(Records excerpted from a collection)
BEGIN

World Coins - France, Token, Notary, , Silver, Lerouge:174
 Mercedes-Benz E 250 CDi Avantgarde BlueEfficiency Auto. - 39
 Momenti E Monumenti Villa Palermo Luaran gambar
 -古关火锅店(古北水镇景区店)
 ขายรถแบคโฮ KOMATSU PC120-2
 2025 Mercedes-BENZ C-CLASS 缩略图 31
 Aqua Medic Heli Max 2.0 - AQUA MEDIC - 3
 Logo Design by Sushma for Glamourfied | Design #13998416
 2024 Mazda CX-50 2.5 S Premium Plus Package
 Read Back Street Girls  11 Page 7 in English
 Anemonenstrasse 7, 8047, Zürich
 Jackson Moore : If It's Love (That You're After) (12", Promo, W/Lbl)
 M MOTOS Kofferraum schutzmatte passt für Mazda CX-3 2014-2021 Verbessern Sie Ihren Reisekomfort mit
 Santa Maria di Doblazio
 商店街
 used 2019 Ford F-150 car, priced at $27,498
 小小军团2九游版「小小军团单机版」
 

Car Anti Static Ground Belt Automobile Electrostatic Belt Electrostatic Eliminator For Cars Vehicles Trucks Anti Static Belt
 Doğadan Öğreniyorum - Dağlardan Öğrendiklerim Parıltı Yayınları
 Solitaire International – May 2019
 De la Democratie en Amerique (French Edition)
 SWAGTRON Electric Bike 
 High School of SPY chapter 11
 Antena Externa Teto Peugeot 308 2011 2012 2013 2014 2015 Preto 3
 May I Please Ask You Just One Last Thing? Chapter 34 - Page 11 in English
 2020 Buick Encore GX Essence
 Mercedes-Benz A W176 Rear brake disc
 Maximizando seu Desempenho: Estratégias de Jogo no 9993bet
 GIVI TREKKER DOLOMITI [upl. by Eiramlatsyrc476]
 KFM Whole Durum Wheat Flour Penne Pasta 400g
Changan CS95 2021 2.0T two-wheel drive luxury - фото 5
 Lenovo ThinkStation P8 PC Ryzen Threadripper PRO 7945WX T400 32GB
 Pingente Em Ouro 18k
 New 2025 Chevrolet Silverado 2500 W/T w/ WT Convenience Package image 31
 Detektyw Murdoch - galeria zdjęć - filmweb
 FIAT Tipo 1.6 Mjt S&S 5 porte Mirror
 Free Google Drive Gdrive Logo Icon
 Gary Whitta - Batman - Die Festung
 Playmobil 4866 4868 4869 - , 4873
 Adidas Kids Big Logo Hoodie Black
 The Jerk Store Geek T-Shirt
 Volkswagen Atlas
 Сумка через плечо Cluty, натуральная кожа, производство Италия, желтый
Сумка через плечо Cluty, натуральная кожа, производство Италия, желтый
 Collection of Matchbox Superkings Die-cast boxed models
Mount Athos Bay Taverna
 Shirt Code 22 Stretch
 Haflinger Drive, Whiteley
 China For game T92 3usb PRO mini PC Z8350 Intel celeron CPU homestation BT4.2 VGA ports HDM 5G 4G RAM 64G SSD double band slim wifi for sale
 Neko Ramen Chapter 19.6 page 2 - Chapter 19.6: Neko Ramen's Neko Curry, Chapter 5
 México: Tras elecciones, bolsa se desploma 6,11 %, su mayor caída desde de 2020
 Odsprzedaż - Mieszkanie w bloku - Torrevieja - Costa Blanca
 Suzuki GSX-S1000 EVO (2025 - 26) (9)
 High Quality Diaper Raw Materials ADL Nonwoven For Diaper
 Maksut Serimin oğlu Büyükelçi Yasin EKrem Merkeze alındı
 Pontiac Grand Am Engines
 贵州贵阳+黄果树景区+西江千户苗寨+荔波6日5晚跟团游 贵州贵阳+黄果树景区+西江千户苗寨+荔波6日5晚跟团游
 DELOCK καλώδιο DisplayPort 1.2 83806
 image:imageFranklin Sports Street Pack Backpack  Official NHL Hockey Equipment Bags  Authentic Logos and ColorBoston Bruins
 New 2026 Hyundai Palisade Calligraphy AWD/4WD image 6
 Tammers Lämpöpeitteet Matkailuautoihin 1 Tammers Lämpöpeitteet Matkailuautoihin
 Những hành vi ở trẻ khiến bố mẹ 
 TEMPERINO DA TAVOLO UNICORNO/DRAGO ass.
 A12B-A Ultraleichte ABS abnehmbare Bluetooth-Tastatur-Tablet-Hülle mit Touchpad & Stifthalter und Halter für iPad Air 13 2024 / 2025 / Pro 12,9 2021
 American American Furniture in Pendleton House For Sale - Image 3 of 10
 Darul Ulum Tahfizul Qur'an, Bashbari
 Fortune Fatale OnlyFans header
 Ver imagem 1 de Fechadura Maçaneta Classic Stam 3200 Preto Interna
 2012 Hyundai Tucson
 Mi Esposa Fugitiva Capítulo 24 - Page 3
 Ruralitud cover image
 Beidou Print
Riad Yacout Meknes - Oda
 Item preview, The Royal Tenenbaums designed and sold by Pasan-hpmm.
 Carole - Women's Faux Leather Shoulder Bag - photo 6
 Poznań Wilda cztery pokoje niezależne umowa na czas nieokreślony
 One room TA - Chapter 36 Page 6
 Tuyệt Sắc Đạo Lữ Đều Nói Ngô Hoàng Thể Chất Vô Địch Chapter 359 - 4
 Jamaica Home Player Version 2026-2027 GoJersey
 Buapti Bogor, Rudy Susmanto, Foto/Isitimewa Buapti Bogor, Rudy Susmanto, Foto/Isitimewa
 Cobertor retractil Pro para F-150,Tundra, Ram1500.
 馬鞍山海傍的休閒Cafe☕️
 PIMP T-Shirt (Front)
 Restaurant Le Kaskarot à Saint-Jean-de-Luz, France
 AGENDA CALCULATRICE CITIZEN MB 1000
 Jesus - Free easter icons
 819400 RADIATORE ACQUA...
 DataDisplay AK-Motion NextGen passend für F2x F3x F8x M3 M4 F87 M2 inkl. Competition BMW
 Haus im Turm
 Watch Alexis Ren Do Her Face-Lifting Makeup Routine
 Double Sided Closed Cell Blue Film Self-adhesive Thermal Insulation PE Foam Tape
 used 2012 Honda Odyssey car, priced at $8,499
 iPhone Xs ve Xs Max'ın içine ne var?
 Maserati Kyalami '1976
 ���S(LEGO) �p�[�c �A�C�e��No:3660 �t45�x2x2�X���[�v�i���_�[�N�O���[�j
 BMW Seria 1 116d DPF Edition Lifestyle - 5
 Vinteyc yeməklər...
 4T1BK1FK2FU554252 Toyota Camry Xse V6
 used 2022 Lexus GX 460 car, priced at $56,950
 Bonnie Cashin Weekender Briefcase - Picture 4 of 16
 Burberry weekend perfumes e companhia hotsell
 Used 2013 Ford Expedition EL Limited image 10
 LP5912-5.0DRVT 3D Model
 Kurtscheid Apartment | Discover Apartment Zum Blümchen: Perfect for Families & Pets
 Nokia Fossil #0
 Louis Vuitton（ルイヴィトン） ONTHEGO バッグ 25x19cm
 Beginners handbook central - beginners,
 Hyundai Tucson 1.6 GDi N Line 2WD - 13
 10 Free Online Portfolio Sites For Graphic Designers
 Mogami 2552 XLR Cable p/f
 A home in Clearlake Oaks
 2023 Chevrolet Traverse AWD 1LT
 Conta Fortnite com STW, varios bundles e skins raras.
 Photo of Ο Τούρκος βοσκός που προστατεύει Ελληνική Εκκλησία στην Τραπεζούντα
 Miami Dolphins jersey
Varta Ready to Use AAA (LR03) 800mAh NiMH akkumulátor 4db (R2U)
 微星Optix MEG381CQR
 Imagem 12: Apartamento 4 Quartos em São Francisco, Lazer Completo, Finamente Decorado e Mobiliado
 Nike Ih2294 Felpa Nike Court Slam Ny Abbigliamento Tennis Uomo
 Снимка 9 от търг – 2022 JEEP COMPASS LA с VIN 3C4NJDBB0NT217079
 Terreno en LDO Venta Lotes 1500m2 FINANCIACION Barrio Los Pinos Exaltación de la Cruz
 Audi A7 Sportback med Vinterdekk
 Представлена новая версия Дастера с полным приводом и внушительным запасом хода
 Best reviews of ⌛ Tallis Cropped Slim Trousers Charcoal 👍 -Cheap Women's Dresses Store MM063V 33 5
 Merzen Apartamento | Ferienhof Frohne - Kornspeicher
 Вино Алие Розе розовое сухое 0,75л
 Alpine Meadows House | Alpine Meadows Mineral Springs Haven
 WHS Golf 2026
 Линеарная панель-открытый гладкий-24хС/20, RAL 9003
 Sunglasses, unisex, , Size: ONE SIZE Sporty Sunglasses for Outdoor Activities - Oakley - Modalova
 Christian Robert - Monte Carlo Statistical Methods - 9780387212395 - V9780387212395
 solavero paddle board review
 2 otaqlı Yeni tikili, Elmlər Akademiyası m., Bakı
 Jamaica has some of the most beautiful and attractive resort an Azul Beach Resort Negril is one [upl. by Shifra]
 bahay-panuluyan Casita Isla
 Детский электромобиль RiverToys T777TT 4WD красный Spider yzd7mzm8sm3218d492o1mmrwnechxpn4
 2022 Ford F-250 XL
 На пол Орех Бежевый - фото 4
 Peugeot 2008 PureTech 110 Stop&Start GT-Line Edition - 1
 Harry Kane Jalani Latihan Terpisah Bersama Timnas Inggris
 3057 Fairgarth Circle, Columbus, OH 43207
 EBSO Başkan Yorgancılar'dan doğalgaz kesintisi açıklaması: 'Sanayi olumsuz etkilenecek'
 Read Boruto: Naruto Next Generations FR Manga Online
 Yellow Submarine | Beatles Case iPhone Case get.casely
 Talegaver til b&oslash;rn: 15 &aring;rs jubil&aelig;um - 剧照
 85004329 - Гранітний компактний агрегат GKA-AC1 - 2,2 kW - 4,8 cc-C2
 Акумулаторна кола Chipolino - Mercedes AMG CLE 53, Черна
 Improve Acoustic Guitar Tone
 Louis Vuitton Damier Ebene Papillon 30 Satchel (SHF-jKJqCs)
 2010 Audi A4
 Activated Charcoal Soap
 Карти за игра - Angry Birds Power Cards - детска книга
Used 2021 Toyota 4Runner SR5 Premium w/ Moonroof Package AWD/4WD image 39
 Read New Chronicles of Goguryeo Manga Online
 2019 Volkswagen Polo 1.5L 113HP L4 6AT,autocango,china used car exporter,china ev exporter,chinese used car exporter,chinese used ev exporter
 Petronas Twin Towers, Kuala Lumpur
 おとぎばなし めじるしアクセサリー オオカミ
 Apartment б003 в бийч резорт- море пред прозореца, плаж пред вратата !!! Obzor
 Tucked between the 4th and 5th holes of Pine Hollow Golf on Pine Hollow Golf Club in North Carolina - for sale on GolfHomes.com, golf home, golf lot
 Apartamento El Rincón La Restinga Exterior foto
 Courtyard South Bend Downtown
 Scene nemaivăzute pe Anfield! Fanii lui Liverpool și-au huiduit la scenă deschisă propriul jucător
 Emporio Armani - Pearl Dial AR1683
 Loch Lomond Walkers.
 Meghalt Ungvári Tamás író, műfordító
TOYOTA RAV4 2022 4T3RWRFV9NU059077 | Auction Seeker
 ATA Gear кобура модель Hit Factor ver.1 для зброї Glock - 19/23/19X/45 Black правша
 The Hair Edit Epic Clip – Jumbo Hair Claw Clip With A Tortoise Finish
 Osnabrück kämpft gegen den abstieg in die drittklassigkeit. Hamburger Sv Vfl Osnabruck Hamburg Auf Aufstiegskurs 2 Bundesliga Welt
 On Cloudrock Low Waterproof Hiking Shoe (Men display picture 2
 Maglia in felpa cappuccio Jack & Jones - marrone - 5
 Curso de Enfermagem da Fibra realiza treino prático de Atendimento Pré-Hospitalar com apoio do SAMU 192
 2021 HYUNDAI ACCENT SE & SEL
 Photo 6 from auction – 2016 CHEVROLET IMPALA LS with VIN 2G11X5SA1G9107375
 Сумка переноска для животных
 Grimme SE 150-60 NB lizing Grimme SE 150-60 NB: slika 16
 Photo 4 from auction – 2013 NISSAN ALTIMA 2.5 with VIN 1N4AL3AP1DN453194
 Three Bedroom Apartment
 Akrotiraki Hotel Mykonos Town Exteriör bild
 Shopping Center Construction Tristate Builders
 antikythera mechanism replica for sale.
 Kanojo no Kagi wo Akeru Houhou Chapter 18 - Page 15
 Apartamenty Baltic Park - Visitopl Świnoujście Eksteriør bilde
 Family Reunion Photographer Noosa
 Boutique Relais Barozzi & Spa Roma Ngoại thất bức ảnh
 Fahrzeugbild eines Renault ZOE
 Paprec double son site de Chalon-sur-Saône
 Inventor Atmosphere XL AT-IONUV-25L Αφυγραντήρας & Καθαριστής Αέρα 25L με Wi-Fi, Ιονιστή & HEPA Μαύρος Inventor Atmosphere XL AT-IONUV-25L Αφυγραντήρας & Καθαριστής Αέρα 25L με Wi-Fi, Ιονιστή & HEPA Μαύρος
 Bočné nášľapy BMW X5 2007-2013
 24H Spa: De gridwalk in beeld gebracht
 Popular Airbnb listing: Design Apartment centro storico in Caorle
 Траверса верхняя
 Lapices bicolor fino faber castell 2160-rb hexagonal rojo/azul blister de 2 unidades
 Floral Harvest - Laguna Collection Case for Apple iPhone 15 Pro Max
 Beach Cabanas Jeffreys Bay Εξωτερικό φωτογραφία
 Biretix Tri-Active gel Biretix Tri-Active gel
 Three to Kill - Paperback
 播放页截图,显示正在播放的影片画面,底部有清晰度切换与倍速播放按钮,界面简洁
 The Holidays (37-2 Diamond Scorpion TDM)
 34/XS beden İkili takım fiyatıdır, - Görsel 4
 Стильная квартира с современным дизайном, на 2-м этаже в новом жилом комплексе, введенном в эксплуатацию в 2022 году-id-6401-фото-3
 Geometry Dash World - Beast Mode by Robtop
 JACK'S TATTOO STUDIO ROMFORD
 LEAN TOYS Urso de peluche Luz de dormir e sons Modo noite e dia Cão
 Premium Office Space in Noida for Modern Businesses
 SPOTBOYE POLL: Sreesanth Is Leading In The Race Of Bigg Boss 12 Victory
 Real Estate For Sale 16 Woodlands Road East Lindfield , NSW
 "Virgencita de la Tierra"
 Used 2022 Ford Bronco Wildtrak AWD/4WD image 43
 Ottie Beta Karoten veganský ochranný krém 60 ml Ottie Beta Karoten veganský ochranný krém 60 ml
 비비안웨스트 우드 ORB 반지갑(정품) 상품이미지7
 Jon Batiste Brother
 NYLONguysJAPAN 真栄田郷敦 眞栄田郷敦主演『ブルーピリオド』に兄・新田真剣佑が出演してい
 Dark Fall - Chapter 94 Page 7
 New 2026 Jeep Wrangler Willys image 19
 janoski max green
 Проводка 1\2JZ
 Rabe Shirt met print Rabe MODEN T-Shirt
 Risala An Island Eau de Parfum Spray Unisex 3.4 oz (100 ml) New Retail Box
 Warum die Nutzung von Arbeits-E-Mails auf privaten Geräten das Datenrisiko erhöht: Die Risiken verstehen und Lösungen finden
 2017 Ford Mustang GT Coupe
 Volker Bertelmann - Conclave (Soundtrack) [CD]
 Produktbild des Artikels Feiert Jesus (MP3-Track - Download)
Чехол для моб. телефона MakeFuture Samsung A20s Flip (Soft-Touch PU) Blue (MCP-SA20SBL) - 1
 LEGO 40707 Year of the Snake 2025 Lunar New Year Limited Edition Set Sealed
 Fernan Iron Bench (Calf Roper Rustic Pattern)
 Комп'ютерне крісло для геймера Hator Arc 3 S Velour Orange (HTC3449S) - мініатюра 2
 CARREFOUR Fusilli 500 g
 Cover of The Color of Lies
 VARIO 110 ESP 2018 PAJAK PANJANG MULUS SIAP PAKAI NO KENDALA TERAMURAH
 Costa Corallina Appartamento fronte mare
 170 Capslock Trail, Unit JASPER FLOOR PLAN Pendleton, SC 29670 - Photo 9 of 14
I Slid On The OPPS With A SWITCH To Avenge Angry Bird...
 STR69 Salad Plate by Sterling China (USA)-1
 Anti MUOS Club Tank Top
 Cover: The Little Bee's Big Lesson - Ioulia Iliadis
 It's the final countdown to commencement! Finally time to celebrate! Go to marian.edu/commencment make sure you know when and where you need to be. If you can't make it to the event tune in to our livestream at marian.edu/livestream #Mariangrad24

END

## EXERCISE AIM
Each line from the one containing "170 Capslock Trail, Unit" to the end of the records should be echoed exactly, and no other line.

## YOUR SOLUTION
 170 Capslock Trail, Unit JASPER FLOOR PLAN Pendleton, SC 29670 - Photo 9 of 14
I Slid On The OPPS With A SWITCH To Avenge Angry Bird...
 STR69 Salad Plate by Sterling China (USA)-1
 Anti MUOS Club Tank Top
 Cover: The Little Bee's Big Lesson - Ioulia Iliadis
 It's the final countdown to commencement! Finally time to celebrate! Go to marian.edu/commencment make sure you know when and where you need to be. If you can't make it to the event tune in to our livestream at marian.edu/livestream #Mariangrad24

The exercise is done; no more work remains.